Under this line are the records; repeat exactly the lines starting at the one containing "TINJAU: Bupati Kotim, H" and ending at the one containing "Oxford Cloth Leopard", omitting pictures.

- [EXTRACTED INFORMATION]

########

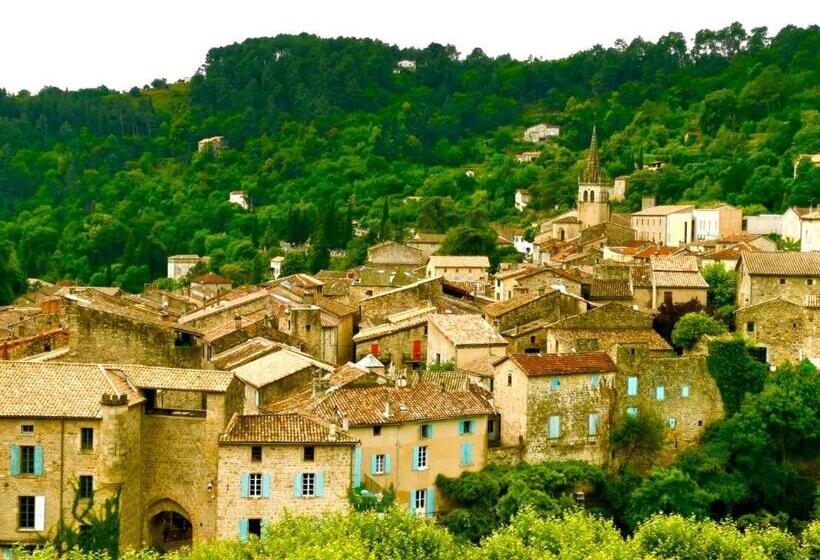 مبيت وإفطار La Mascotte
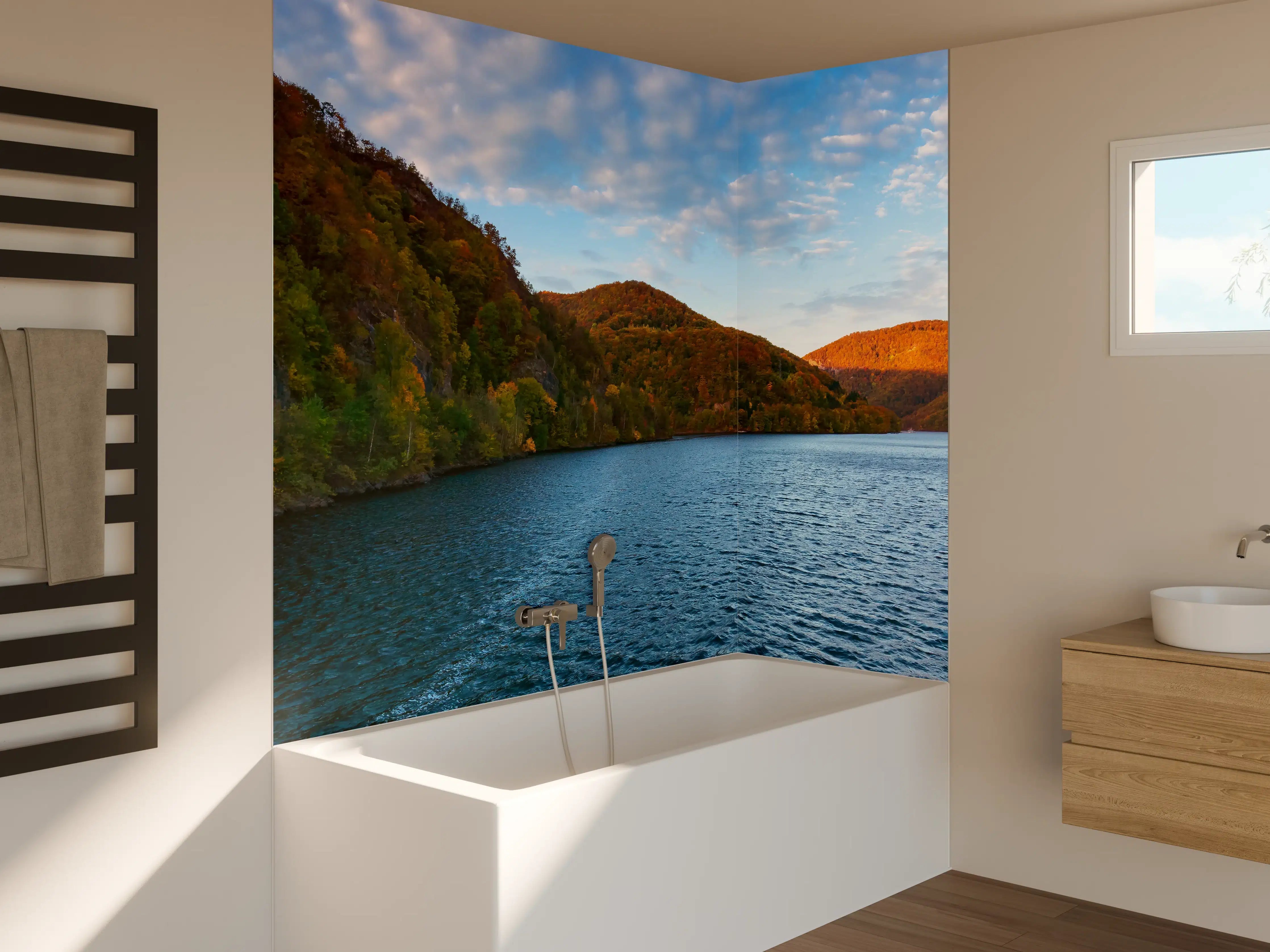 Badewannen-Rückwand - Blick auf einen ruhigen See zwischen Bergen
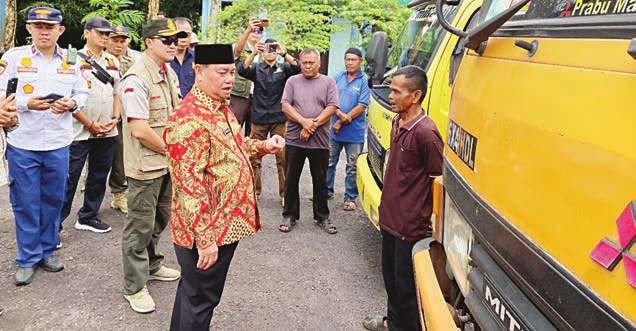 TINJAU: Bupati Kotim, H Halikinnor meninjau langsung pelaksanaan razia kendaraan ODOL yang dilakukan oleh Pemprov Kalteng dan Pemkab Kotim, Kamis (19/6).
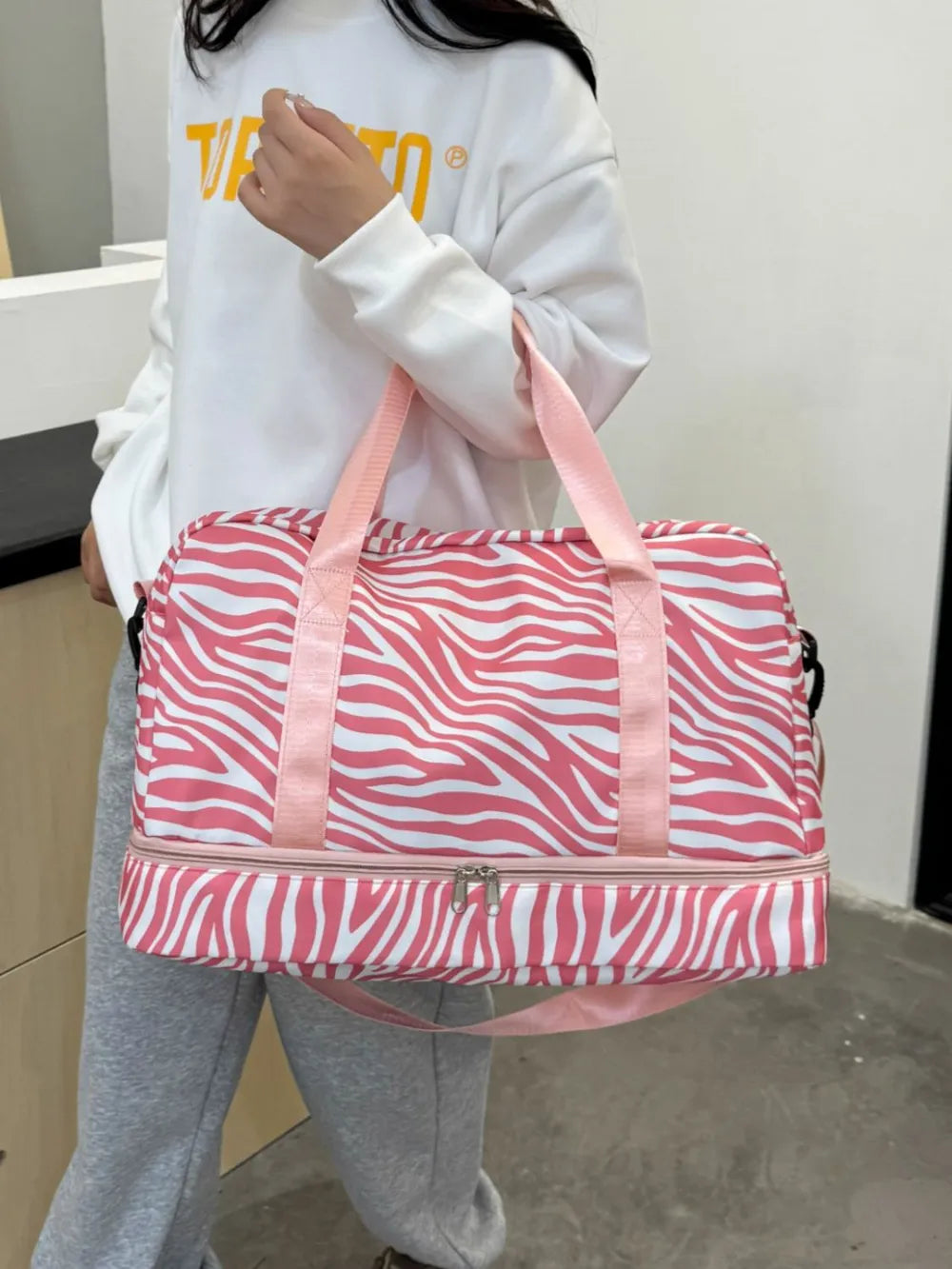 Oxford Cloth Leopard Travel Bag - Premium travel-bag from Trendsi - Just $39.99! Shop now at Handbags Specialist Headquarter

########

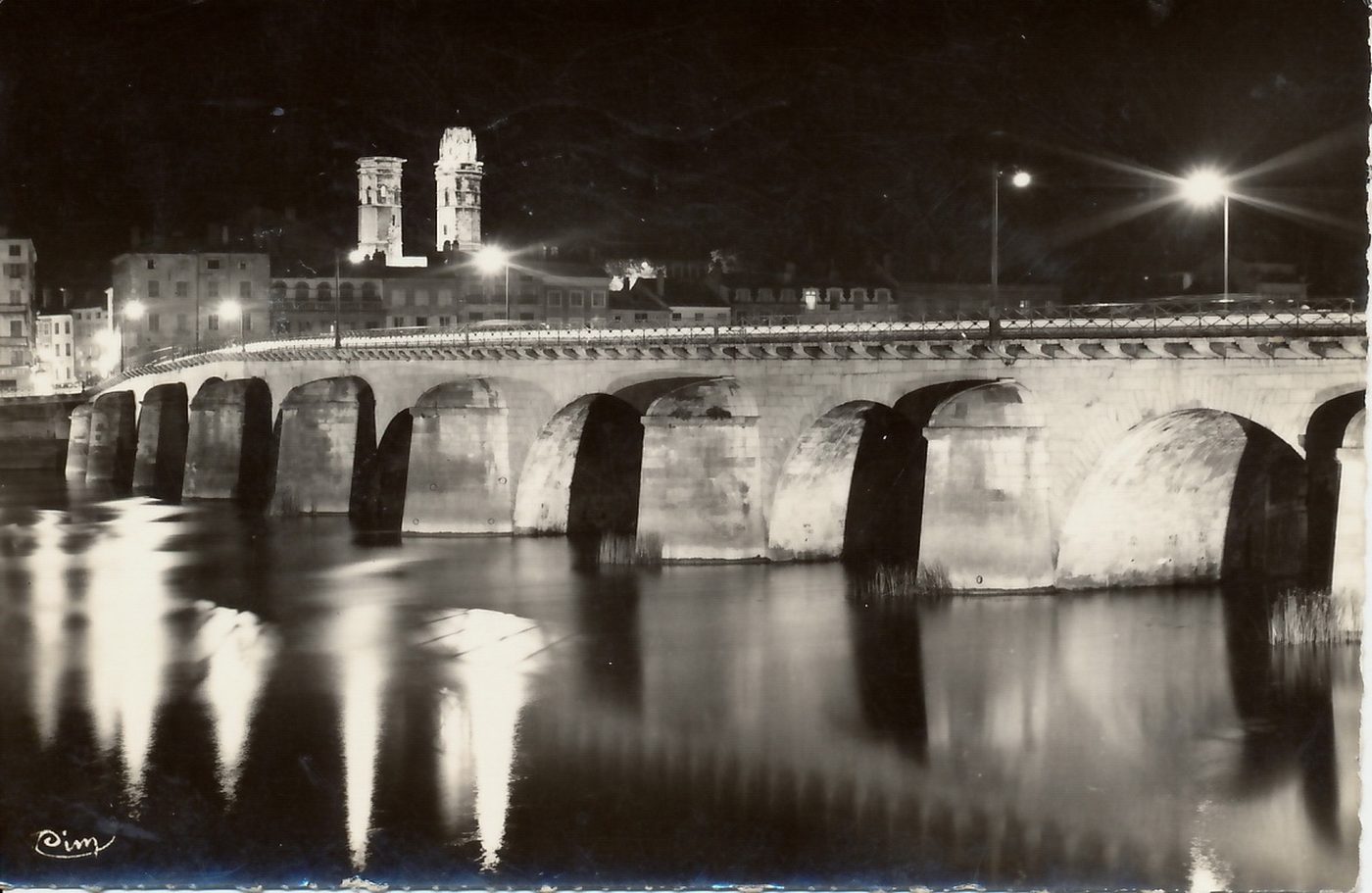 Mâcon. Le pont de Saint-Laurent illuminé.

########

- [RESPONSE TO THIS TASK]
 TINJAU: Bupati Kotim, H Halikinnor meninjau langsung pelaksanaan razia kendaraan ODOL yang dilakukan oleh Pemprov Kalteng dan Pemkab Kotim, Kamis (19/6).
 Oxford Cloth Leopard Travel Bag - Premium travel-bag from Trendsi - Just $39.99! Shop now at Handbags Specialist Headquarter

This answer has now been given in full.